Tuesday, January 10, 2012

SQL Server Fulltext search updates

If you are using Fulltext search with a SQL Server implementation of IDM, be advised that there is a new installation guide that contains updated information about Fulltext search.  I was recently passed this information that you might find helpful...

There is a noiseword (2005)/stop-word(2008) list that contains words that are not indexed. Most of these makes sense (a, the, or, and, etc.) and does not affect searches in IdM. Our naming of privileges with the word "only" was slightly more unfortunate as its also considered a noiseword. This requires customization of the noiseword/stopword list for customers that want to search for the repository privilege.

 

Customizing stopwords in SQL Server 2008:



SQL Server 2008 uses stopwords stored in the database. To customize the list you need to make a copy of the system stopwords list and assign it to be used with the IdM full-text index (ftfull). This can be done using these commands or from the user interface of the SSMS.
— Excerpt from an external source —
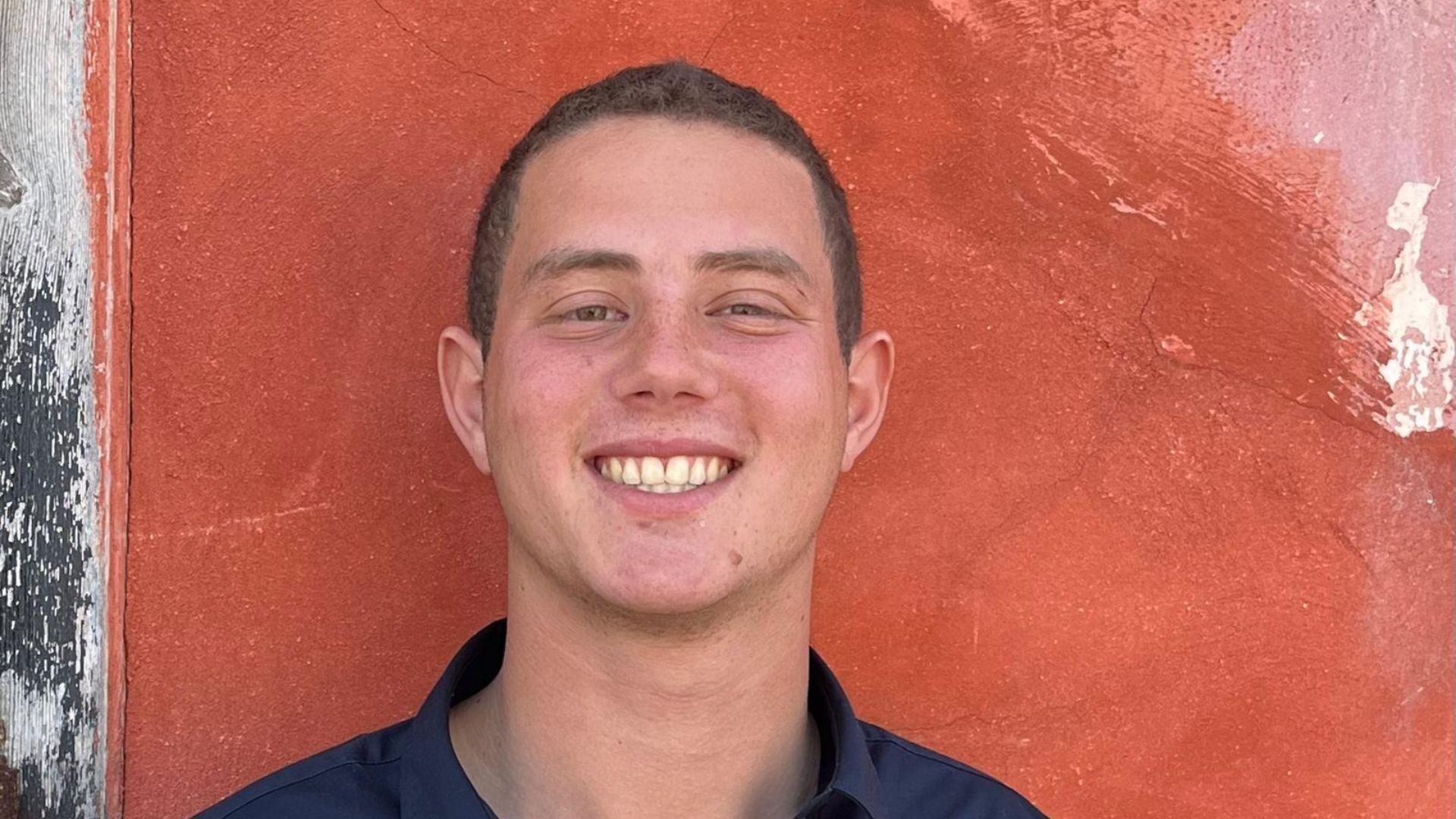 עומר נאוטרה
CREATE FULLTEXT STOPLIST idmStopList FROM SYSTEM STOPLIST;
-- Remove the words you want to include in the index:
ALTER FULLTEXT STOPLIST idmStopList DROP 'only' LANGUAGE 1033;
ALTER FULLTEXT INDEX ON mxi_values SET STOPLIST idmStopList

Its also possible to view the stopwords using queries. An example listing languages blocking the word "only" follows:

-- To list all entries of 'only' stopwords in the stoplist (can be many languages):
SELECT * FROM sys.fulltext_stopwords WHERE stoplist_id = (SELECT stoplist_id FROM sys.fulltext_stoplists where name = 'idmStopList') and stopword = 'only'



-- To test a stoplist
SELECT special_term, display_term FROM sys.dm_fts_parser (' "a text like system priv ad only somethingsomething" ', 1033,(SELECT stoplist_id FROM sys.fulltext_stoplists where name = 'idmStopList'), 0)







Here we see that "a" and "like" are considered noise and not indexed, while "only" is indexed for exact matches.
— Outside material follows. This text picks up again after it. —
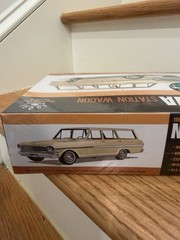 1/25 Scale Model Kit 1963 Chevy II Nova Station Wagon -Skill 2 AMT1202 Sealed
Customizing noisewords in SQL Server 2005:


Modify the noiseZZZ.txt files in sql server folder, remove "only" and other things you want to include from ENG,ENU (and others) and then drop & recreate fulltext index:

drop fulltext index on mxi_values
drop fulltext catalog ftfull
CREATE FULLTEXT CATALOG ftfull WITH ACCENT_SENSITIVITY=OFF AS DEFAULT;
CREATE FULLTEXT INDEX ON mxi_values(searchvalue) KEY INDEX IX_MXI_VALUES_Value_ID;
 




Hope you found this helpful! Thanks again to the folks that passed this info along!

2 comments:

Anonymous said...

I didn't even know something like this exists. Maybe I need it eventually, and hopefully I remember where I read it then, thanks!

Matt Pollicove said...

Yeah, it's been a feature that's been around for a while and is a favorite for those running NW IDM on SQL Server (Sorry Oracle fans, no Full Text Search for you...)